**PROBLEM TO SOLVE:** Once the pictures are set aside, output all the records exactly.

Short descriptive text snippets
=== Begin Enclosure ===
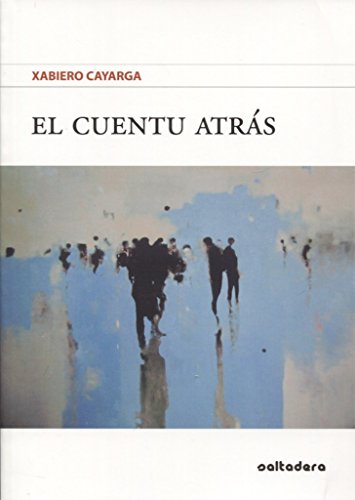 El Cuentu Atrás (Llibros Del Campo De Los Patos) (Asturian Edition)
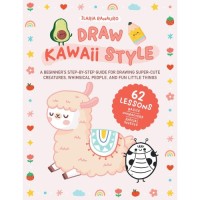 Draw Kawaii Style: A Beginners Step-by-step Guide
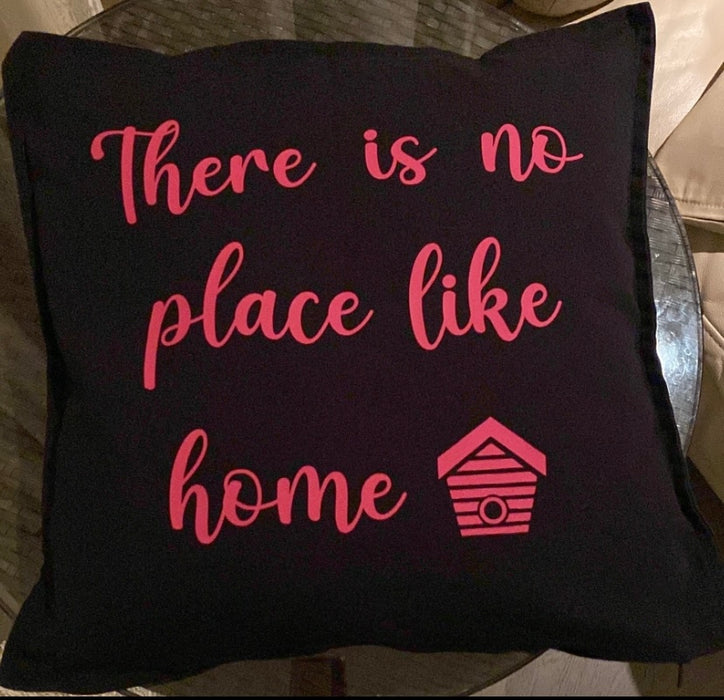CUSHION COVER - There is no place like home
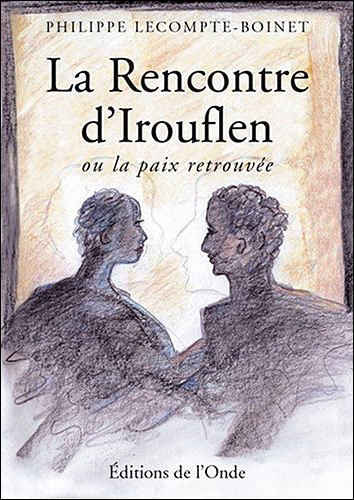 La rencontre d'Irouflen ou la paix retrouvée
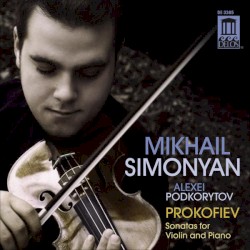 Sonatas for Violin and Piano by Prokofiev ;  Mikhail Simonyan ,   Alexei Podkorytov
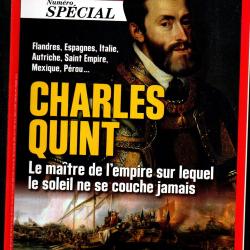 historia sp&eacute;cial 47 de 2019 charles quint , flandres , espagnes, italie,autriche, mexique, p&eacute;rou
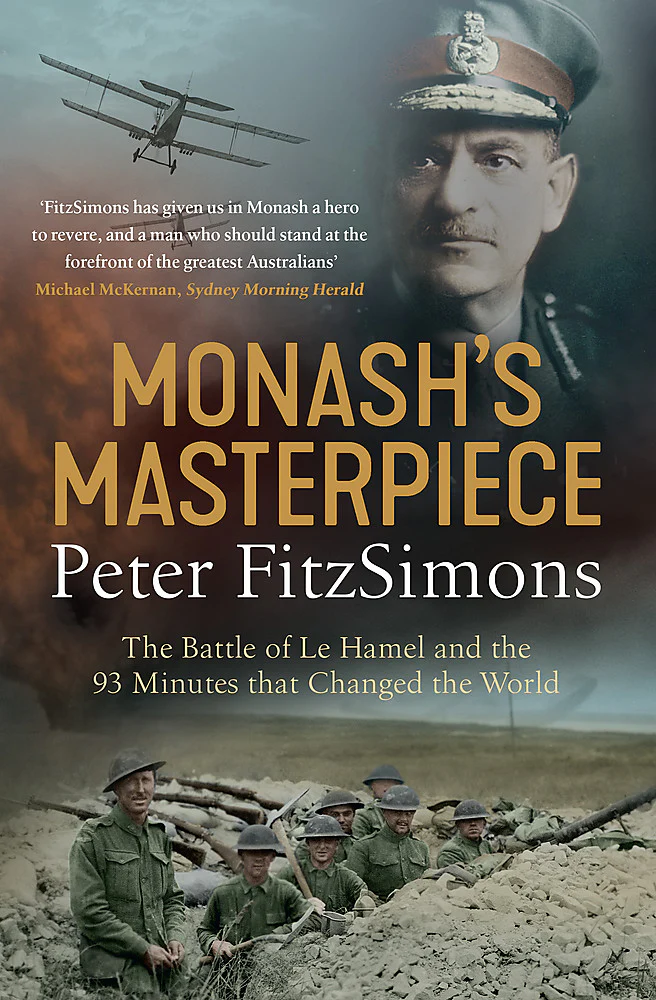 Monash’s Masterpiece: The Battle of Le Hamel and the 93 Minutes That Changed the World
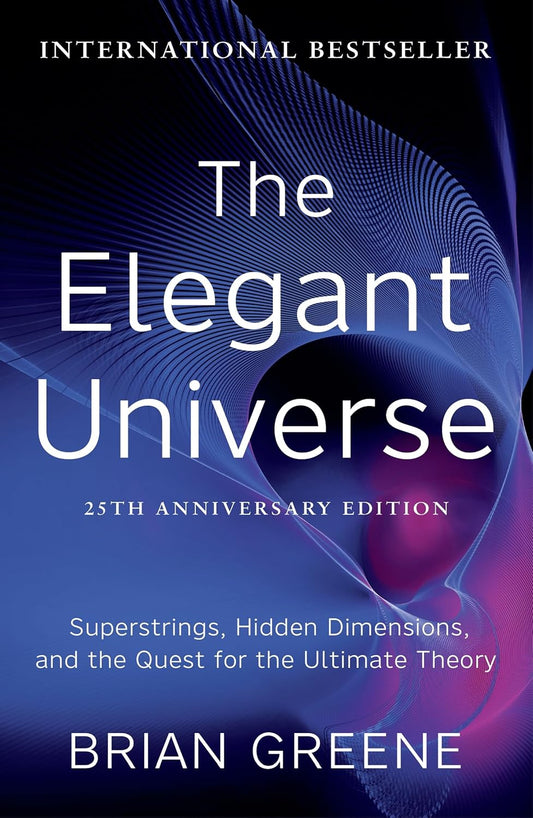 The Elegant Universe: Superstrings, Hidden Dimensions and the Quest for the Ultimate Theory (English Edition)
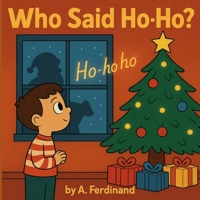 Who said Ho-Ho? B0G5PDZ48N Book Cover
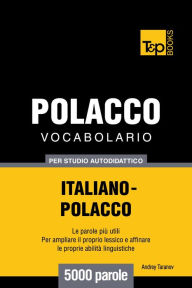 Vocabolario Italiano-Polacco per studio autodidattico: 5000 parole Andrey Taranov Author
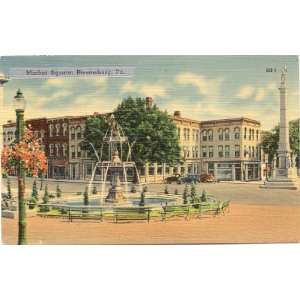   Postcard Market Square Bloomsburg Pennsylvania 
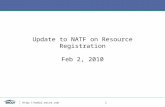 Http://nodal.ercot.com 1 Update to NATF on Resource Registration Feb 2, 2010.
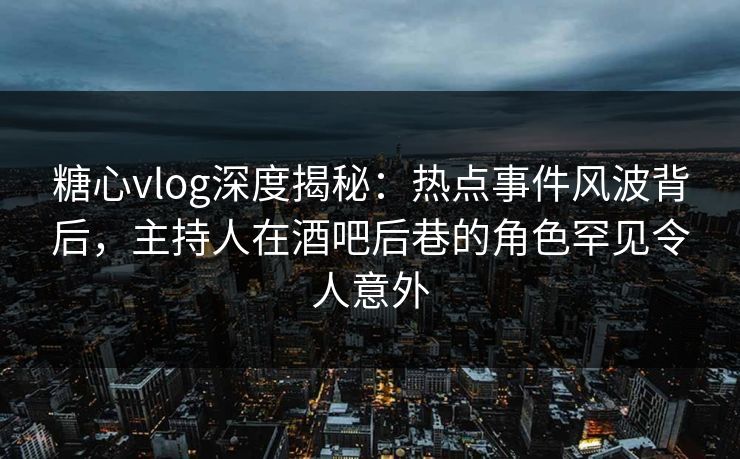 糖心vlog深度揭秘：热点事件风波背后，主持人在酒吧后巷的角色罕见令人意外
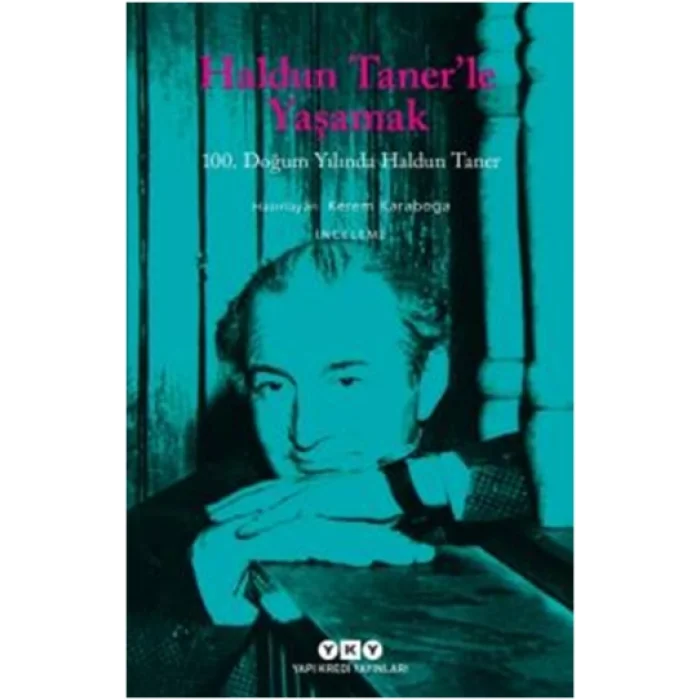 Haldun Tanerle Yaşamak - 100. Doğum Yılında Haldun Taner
=== End Enclosure ===
**TASK ANSWER:**
 El Cuentu Atrás (Llibros Del Campo De Los Patos) (Asturian Edition)
 Draw Kawaii Style: A Beginners Step-by-step Guide
CUSHION COVER - There is no place like home
 La rencontre d'Irouflen ou la paix retrouvée
 Sonatas for Violin and Piano by Prokofiev ;  Mikhail Simonyan ,   Alexei Podkorytov
 historia sp&eacute;cial 47 de 2019 charles quint , flandres , espagnes, italie,autriche, mexique, p&eacute;rou
 Monash’s Masterpiece: The Battle of Le Hamel and the 93 Minutes That Changed the World
 The Elegant Universe: Superstrings, Hidden Dimensions and the Quest for the Ultimate Theory (English Edition)
 Who said Ho-Ho? B0G5PDZ48N Book Cover
 Vocabolario Italiano-Polacco per studio autodidattico: 5000 parole Andrey Taranov Author
   Postcard Market Square Bloomsburg Pennsylvania 
 Http://nodal.ercot.com 1 Update to NATF on Resource Registration Feb 2, 2010.
 糖心vlog深度揭秘：热点事件风波背后，主持人在酒吧后巷的角色罕见令人意外
 Haldun Tanerle Yaşamak - 100. Doğum Yılında Haldun Taner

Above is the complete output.